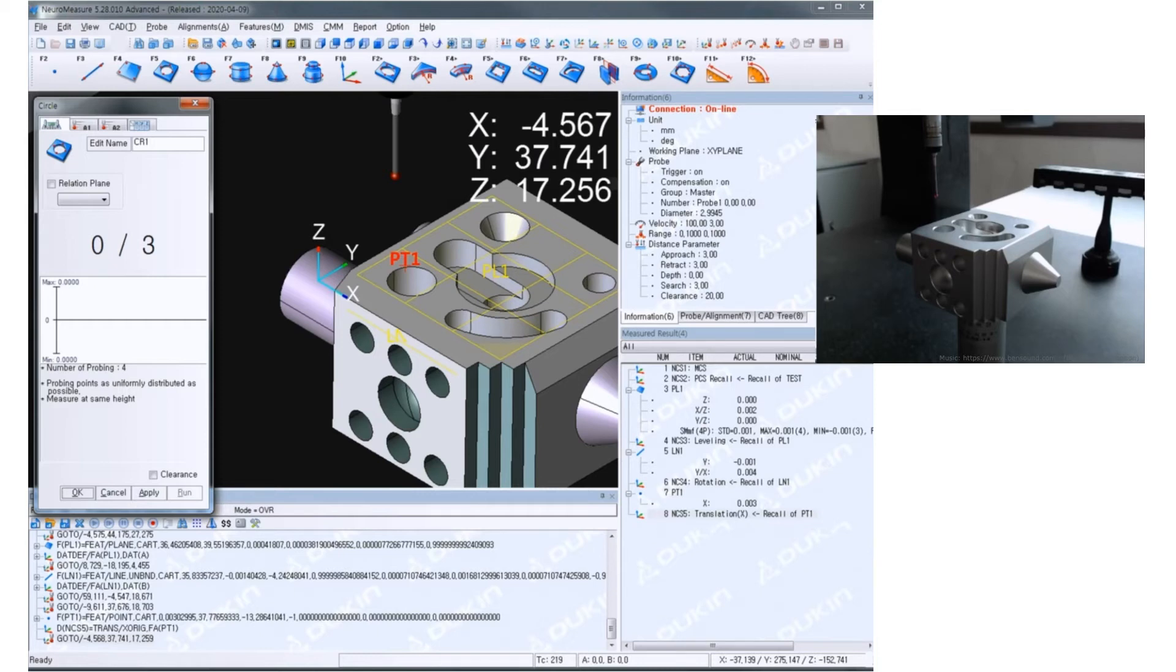So the final coordinate system is set up and I'm going to measure two circles.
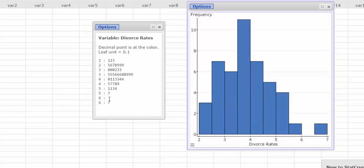I'm going to say the histogram is skewed right. And again, if you look at the stem and leaf plot, this would also be skewed right if we were to rotate this 90 degrees to the left.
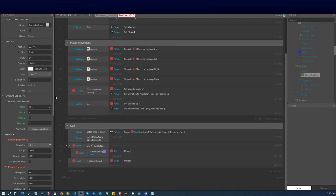Welcome back to part two of the roguelike series. In this video we're going to be focusing on enemy movement, enemy spawning, and the destruction of the enemy once it collides with the bullet instance. If you haven't seen the first video, I highly recommend watching that first for context. We'll focus on the enemy, the spawn, and random spawns so we can get a better idea of the game as a whole, then start adding functions, reload, different guns, and so on.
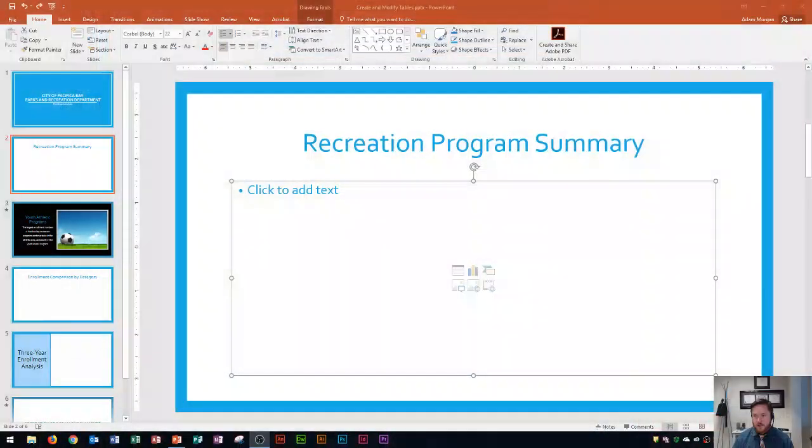Hi and welcome students. In this tutorial I'll be covering PowerPoint 2016 and I'm going to show you how to create and modify tables. Let's get started.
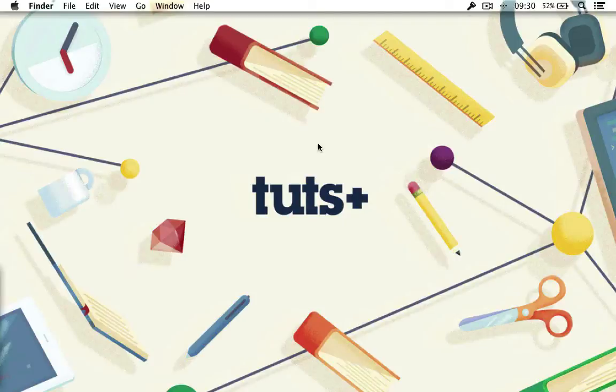But Redis doesn't really have any big structure type like that. Instead, everything in Redis is just keys and values.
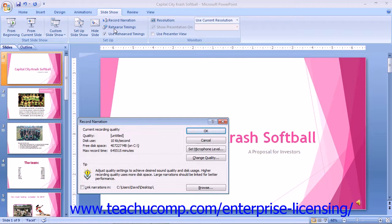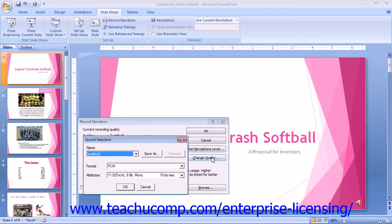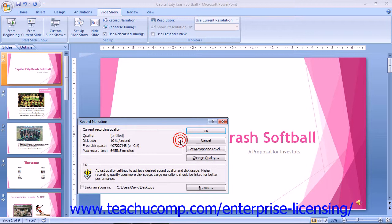You can click the Change Quality button to modify the sound settings or change the type of sound file used. When you are ready to begin recording, click the OK button to deliver the presentation and record your narration. You can also save the timings that you used along with the narration, which can be helpful if the presentation is intended for browsing by other individuals in a kiosk mode, for example.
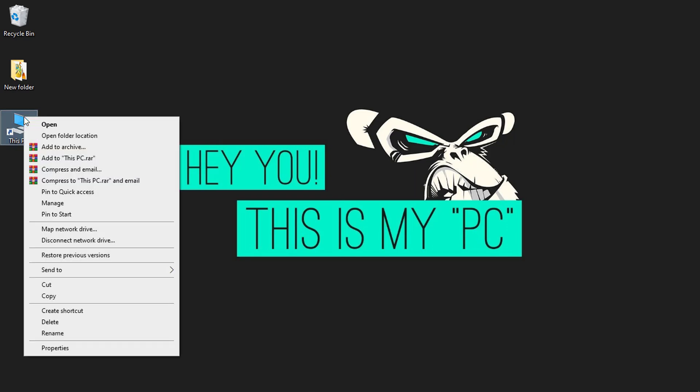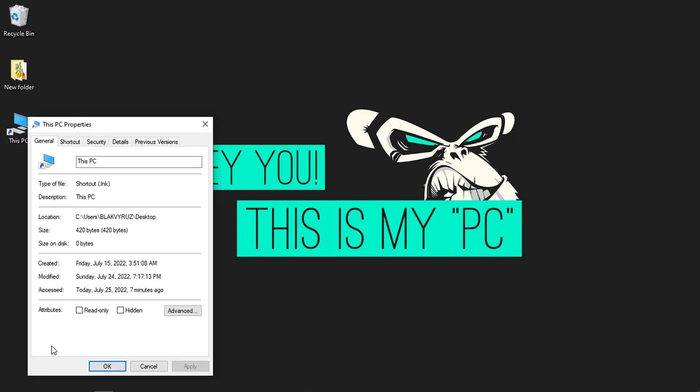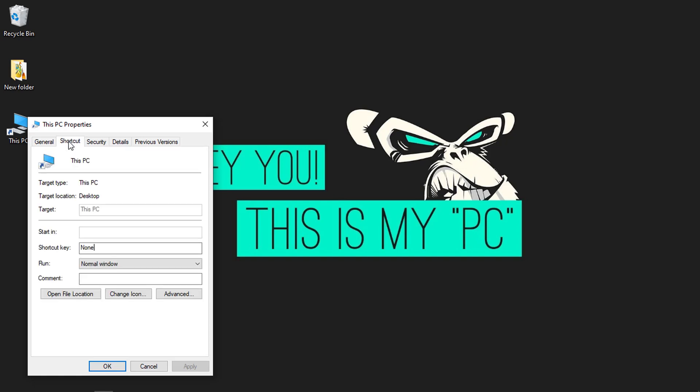Right-click on the application on your desktop. Select Properties. Switch to the Shortcut tab.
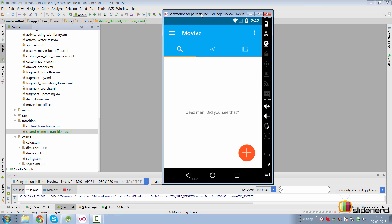Hi subscribers, it's Vils here from SlideNerd. In this video, I will show you the simplest example of shared element transitions.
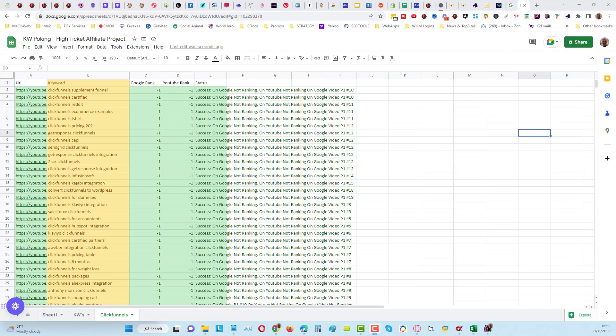Hey guys, I've got a brand new tool called keyword poking tool and this tool is very good because it helps you to find keywords that you can rank for very easily.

• • • •

* _To do_
All entries should be restated word for word; no images belong in the copy.

* _The completed task_
So the final coordinate system is set up and I'm going to measure two circles.
I'm going to say the histogram is skewed right. And again, if you look at the stem and leaf plot, this would also be skewed right if we were to rotate this 90 degrees to the left.
Welcome back to part two of the roguelike series. In this video we're going to be focusing on enemy movement, enemy spawning, and the destruction of the enemy once it collides with the bullet instance. If you haven't seen the first video, I highly recommend watching that first for context. We'll focus on the enemy, the spawn, and random spawns so we can get a better idea of the game as a whole, then start adding functions, reload, different guns, and so on.
Hi and welcome students. In this tutorial I'll be covering PowerPoint 2016 and I'm going to show you how to create and modify tables. Let's get started.
But Redis doesn't really have any big structure type like that. Instead, everything in Redis is just keys and values.
You can click the Change Quality button to modify the sound settings or change the type of sound file used. When you are ready to begin recording, click the OK button to deliver the presentation and record your narration. You can also save the timings that you used along with the narration, which can be helpful if the presentation is intended for browsing by other individuals in a kiosk mode, for example.
Right-click on the application on your desktop. Select Properties. Switch to the Shortcut tab.
Hi subscribers, it's Vils here from SlideNerd. In this video, I will show you the simplest example of shared element transitions.
Hey guys, I've got a brand new tool called keyword poking tool and this tool is very good because it helps you to find keywords that you can rank for very easily.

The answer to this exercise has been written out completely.